The Godfather of Slowed + Reverb
The history of this production technique originates in early 1990s in a small apartment on the Southside of Houston, Texas. It all started with a 19 year old boy named Robert Earl Davis Jr., who went by the name DJ Screw.
DJ Screw was not a club DJ. He would occasionally spin his records house parties, community halls, and small neighbourhood events. Most of his time was spent in his Home Studio, which he called The Wood Room.
Equipment
Like most DJs from the 1970s through to the early 1990s, he used a vinyl Technics SL-1200 direct-drive turntable. This specific turn table was considered the gold stand for DJs. It's worth noting that CD turntables did not emerge until the mid 90s - and far in the future came the USB turntables you see DJs use today.
🖼️ Picture of Technics SL-1200
What makes this turntable so important? It's the slider on the right hand side. That slider controls the Speed of the vinyl record. Although it's labeled as "Pitch", it actually slows down the vinyl record itself, causing the read head to interpret the sound with a slower tempo and a lower pitch (The term speed is often confused with tempo. Speed is the combination of the tempo and pitch).
How it worked in practice:
- Load the same vinyl onto both Technics SL-1200 turntables.
- Match the slowdown by using the pitch control sliders to bring both records to the same desired, slowed-down tempo.
- Set the crossfader to Deck A - set it such that the audience can only hear Deck A. He often used a "hamster-style" crossfader.
- Start the records - start playing both Decks at the same point of the song. This can be the start of the song or a specific point if you can find the same exact moment on both records.

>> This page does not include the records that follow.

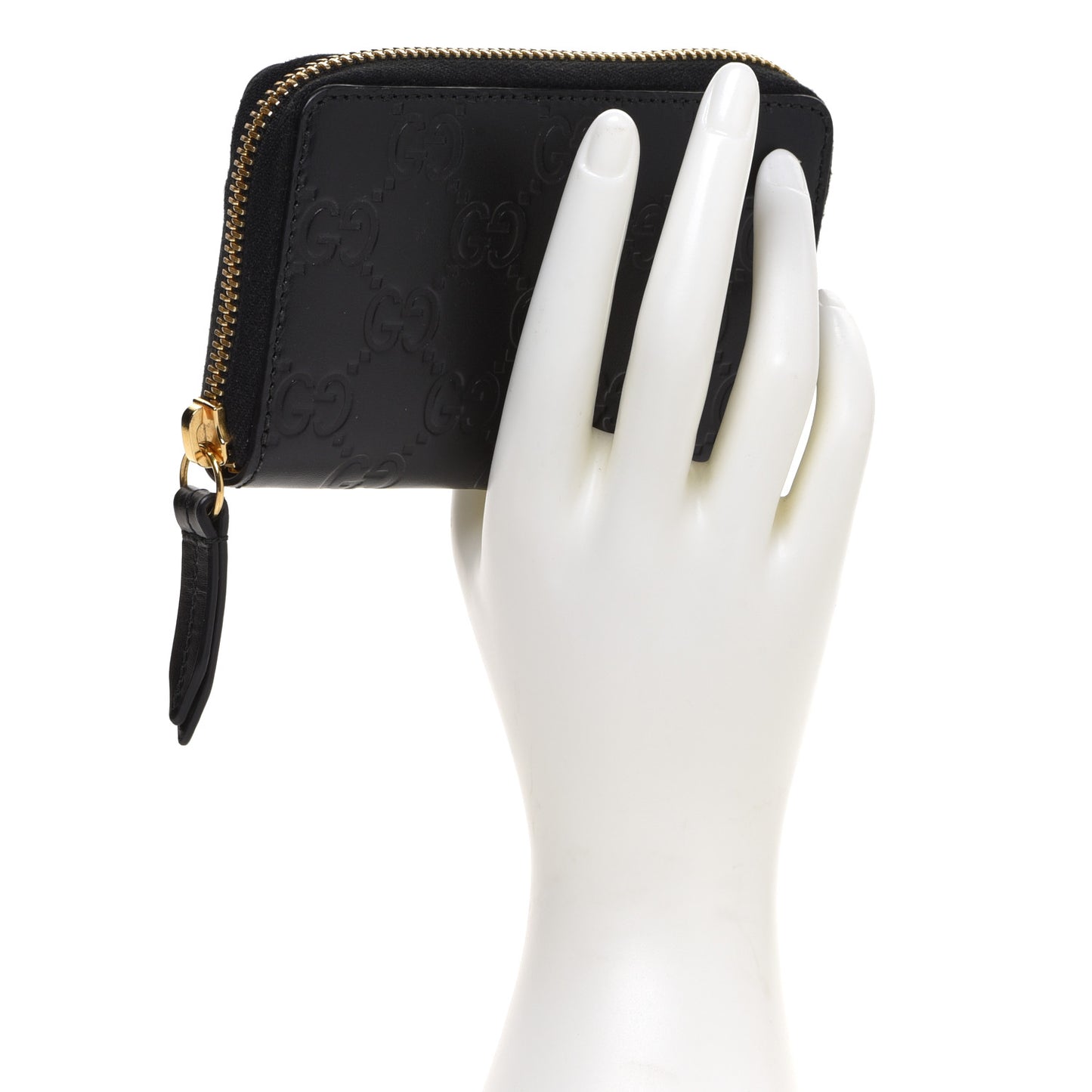 Guccissima Zip Around Card Case Black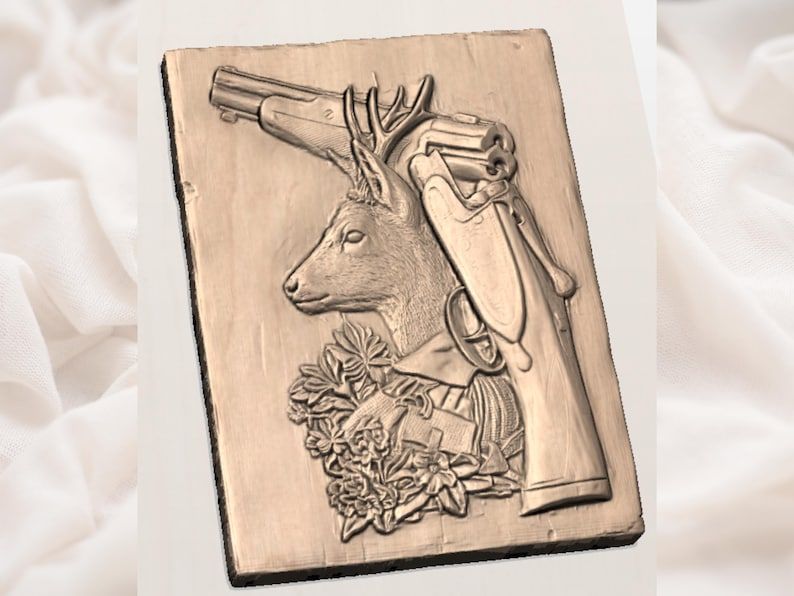 Roe Buck and Break-Action Shotgun Bas-Relief STL Carving bas-relief STL — view 2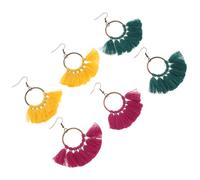 minkissy Lot De 3 Paires De Boucles D'Oreilles Asymétriques En Perles Pour Femmes Style Hippie Coloré Pompon Floral Épais Doré En Polyester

- Hold one record - on Deck B, hold Record B with your hand while using a slipmat. The slipmat will allow you to hold the record still while the turntable driver beneath can continue spinning. This is known as slip-cueing. This will be the point in the song we return to after we chop.
- Wait to chop Deck A - while Record A plays and the moment has arrived to chop it, snap the crossfader from Deck A to Deck B and at the same time let go of Record B. Record B will now be playing, which takes us back to a moment a bit earlier in the song.
- Prepare by Slip-cueing Deck A - now that the chop is complete, we spin-back Deck A (which is muted) to the earlier chop point and repeat the process going the other way.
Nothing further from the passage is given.